On Mon, 12 Oct 2020, Alex Bennée wrote:
On Wed, Oct 7, 2020 at 12:37 AM Stefano Stabellini stefano.stabellini@xilinx.com wrote:
On Fri, 2 Oct 2020, Arnd Bergmann via Stratos-dev wrote:
In a previous discussion [1], several people suggested using a vIOMMU to dynamically update the mappings rather than statically setting a memory region usable by the backend. I believe that approach is still worth considering because it satisfies the security requirement and doesn't necessarily have worse performance. There is a trade-off between bounce buffers on one hand, and map notifications on the other.
The problem with static regions is that all of the traffic will require copying. Sub-page payloads will need bounce buffering anyway, for proper isolation. But for large payloads bounce buffering might be prohibitive, and using a virtual IOMMU might actually be more efficient. Instead of copying large buffers the guest would send a MAP request to the hypervisor, which would then map the pages into the backend. Despite taking plenty of cycles for context switching and setting up the maps, it might be less costly than copying.
Agreed, I would think the iommu based approach is much more promising here.
The two approaches are not mutually exclusive. The first approach could be demoed in a couple weeks, while this approach will require months of work and at least one new virtio interface.
My suggestion would be to hack together a pre-shared memory solution, or a hypervisor-mediated solution with Argo, do some benchmarks to understand the degradation, and figure out if the degradation is bad enough that we need to go down the virtio IOMMU route.
Yes, this makes sense. I'll see if I can come up with a basic design for virtio devices based on pre-shared memory in place of the virtqueue, and then we can see if we can prototype the device side in qemu talking to a modified Linux guest. If that works, the next step would be to share the memory with another guest and have that implement the backend instead of qemu.
Just FYI, Xen has mechanisms to pre-share memory areas statically (from VM creation) between VMs. We could pre-share a memory region between domU1 and domU2 and use it for virtio. We would have to come up with a way to mark the memory as "special virtio memory" and let Linux/QEMU know about it. Maybe we could use a reserved-memory binding for it.
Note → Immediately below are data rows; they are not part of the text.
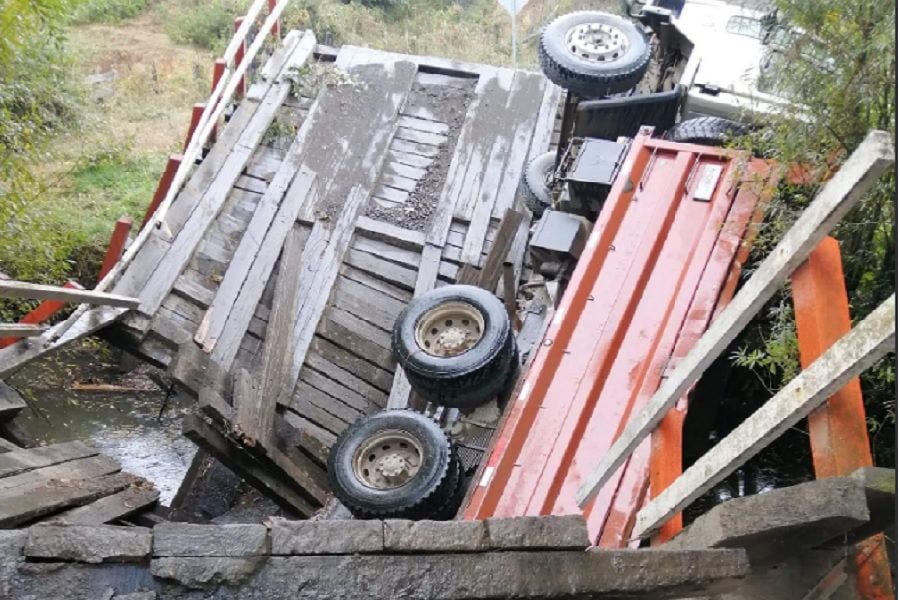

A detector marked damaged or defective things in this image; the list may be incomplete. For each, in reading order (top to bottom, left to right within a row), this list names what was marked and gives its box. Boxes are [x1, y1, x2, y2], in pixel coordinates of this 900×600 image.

broken wooden plank [0, 282, 139, 310]
broken wooden plank [576, 130, 892, 506]
broken wooden plank [636, 294, 896, 536]
broken wooden plank [0, 440, 97, 478]
broken wooden plank [50, 488, 162, 524]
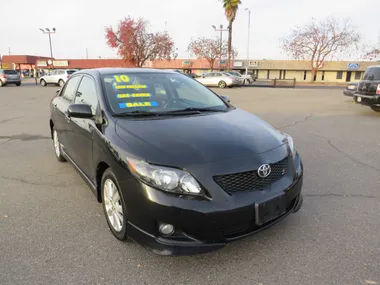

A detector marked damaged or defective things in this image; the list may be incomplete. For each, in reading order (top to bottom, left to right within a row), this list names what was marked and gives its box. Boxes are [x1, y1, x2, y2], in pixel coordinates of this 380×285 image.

asphalt pavement crack [278, 113, 314, 129]
asphalt pavement crack [308, 132, 380, 172]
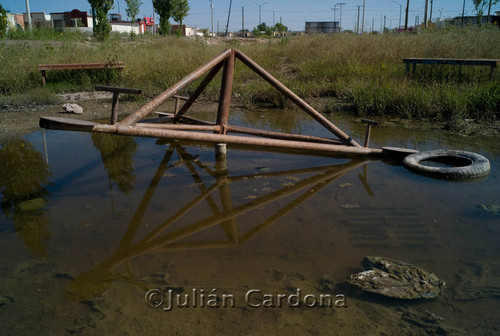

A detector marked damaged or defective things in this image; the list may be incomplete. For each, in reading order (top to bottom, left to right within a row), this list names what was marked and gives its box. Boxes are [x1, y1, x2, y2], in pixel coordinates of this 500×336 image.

rusted metal pipe [119, 49, 232, 128]
rusted metal pipe [216, 50, 235, 134]
rusted metal pipe [233, 48, 360, 147]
That seems like a reasonable set of steps. So the pre-shared region will be the source of memory for the virtqueues as well as the "direct" buffers the virtqueues reference?
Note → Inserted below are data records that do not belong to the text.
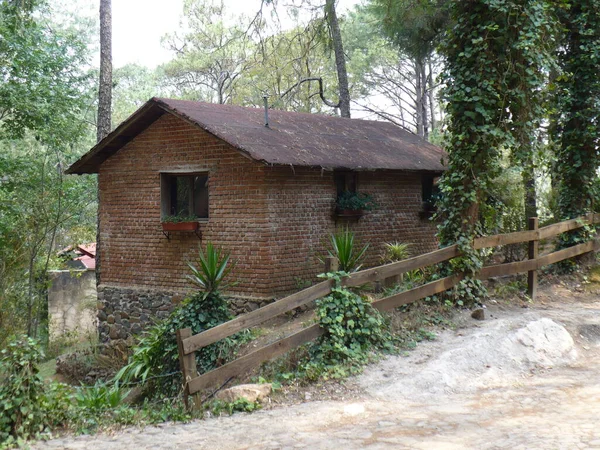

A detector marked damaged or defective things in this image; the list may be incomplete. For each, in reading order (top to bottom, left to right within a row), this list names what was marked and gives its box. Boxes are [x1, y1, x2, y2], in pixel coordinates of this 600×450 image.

rusty metal roof [68, 97, 448, 175]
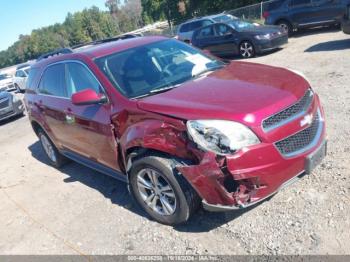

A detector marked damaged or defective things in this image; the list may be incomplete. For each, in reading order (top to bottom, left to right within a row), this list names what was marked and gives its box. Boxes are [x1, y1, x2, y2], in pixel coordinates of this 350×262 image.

crumpled hood [138, 61, 310, 127]
broken headlight [186, 120, 260, 156]
front-end collision damage [176, 151, 256, 209]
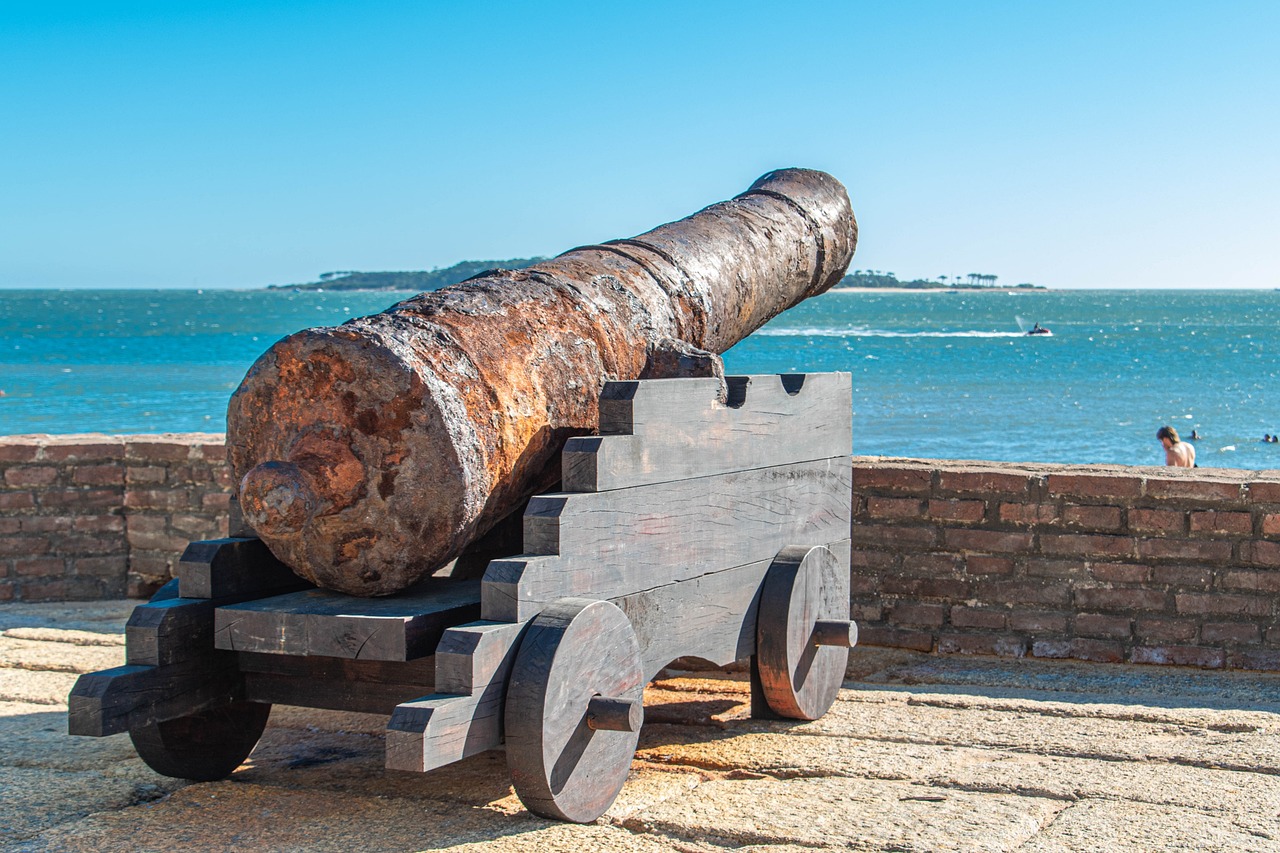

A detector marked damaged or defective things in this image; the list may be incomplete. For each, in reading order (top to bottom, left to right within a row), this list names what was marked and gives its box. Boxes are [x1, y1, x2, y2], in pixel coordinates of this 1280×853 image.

rusty iron cannon barrel [227, 166, 860, 591]
rust texture [227, 166, 860, 591]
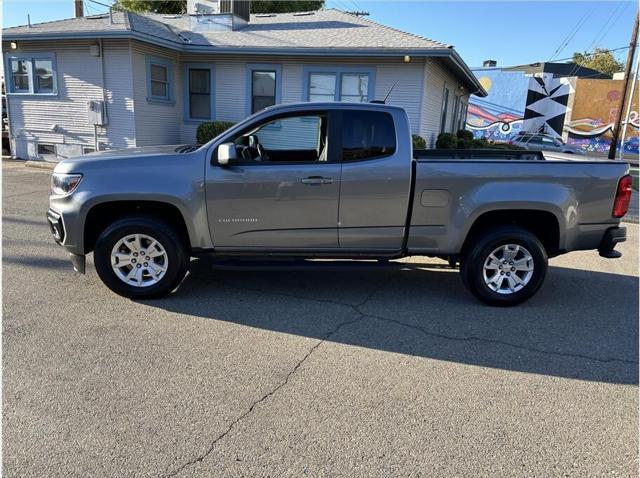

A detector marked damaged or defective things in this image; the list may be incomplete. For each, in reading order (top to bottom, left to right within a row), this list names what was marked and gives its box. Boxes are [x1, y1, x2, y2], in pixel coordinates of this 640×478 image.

cracked asphalt [5, 162, 640, 478]
pavement crack [368, 314, 636, 366]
My original thinking was to use the pre-shared region for everything, in a dma_ops swiotlb fashion: the kernel (frontend) would end up picking bounce buffers out of the pre-shared region thanks to a special swiotlb instance made for the purpose. The backend would be told to map the pre-shared region at initialization and only use already-mapped pages from it.
However, I am not sure this is the best way to do -- you and Arnd might have better ideas on how to integrate the pre-shared region with the rest of the virtio infrastructure.
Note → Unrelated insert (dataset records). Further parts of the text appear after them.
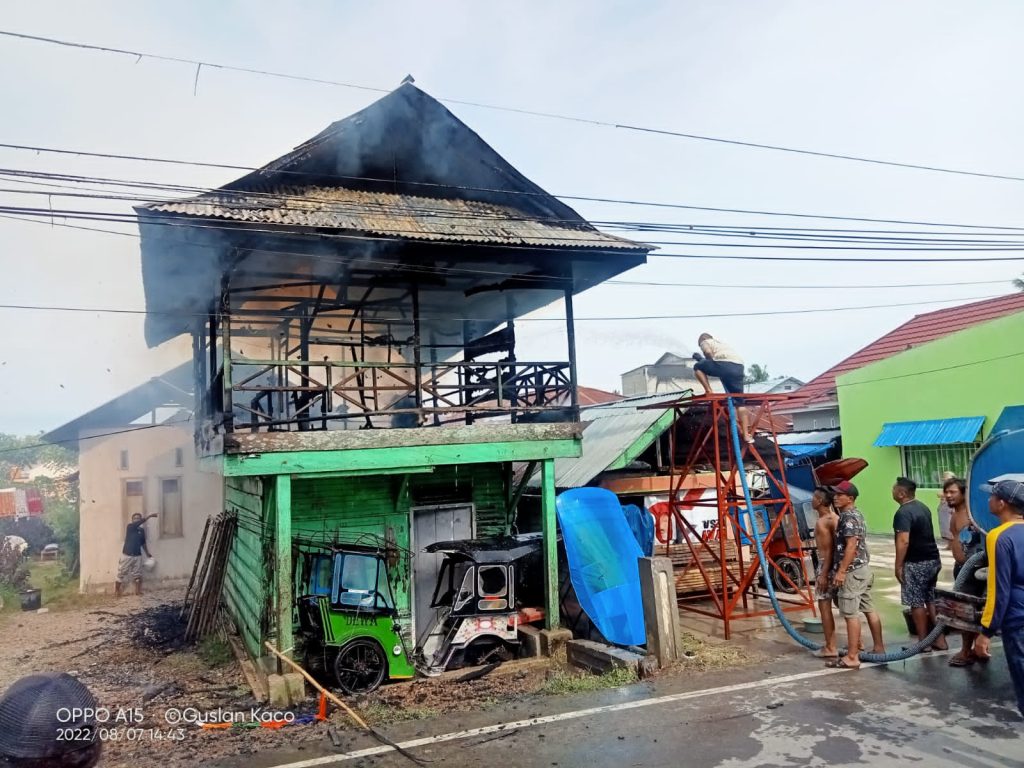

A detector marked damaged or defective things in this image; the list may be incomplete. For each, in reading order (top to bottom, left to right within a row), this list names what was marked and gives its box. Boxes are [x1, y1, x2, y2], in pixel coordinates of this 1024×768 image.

burned wooden house [134, 85, 647, 671]
burnt wooden post [565, 288, 581, 421]
burnt wooden post [272, 473, 292, 663]
burnt vehicle [413, 532, 544, 675]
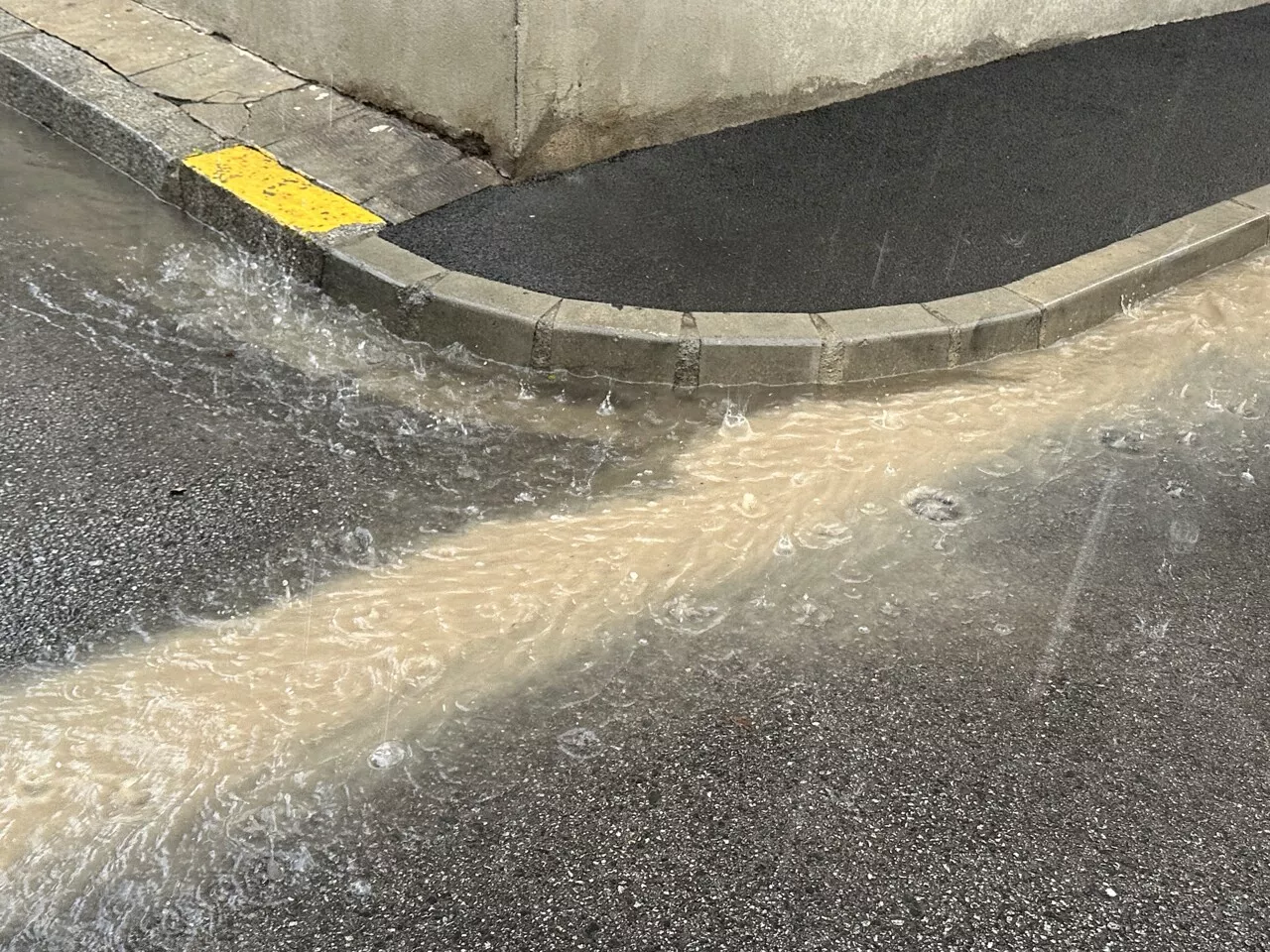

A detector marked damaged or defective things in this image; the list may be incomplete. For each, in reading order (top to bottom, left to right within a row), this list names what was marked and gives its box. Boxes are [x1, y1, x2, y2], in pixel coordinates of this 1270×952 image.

black asphalt patch [383, 6, 1270, 313]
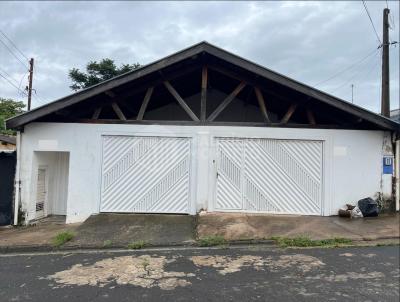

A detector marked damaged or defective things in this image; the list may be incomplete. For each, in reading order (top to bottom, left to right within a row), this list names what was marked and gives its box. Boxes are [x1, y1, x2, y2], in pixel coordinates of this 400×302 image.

patched pavement [0, 247, 398, 300]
Xen PV drivers have started with the equivalent of a virtio IOMMU in place, which we call "grant table". A virtual machine uses the grant table to share memory explicitly with another virtual machine. Specifically, the frontend uses the grant table to share memory with the backend, otherwise the backend is not allowed to map the memory.
(There is a question on whether we could standardize the grant table interface.)
Speaking from that experience, we ended up switching PV network to use hypervisor-based copy (without Argo; Argo came later and it is a more generic solution) because it was faster than the alternatives. We are still using the grant table for everything else (block, framebuffer, etc.)
My feeling is that the grant table approach is too specific to Xen and wouldn't lean itself to porting to most other hypervisors. The idea of picking virtio seems to be based around the assumption that this is already portable.
Yeah, you are right. I didn't mean the grant table "as is"; I meant making a few changes to it so that it becomes easy to implement in other hypervisors and turn it into a virtio interface. But I don't know, it could be easier to start from scratch.
Adding a vIOMMU requirement for regular virtio devices seems possible and builds on existing guest drivers, but it certainly adds complexity in all areas (front-end, hypervisor and back-end) without being an obviously faster than a simpler approach.
OTOH, we can probably use the existing grant table implementation in Xen for a performance comparison, assuming that a virtio+viommu based approach would generally be slower than that.
With the existing grant tables we should be able to test a DomU vhost-user with a pre-shared chunk of memory if we can someway to pass signalling events to the DomU guest. The front-end could be in the main Dom0 initially.
I'm hoping this is something that Akashi can look at once he's up to speed with Xen although I expect it might lag the KVM based PoC a bit.
Excellent idea! We should definitely be able to use the existing grant table to do measurements and get some useful data points.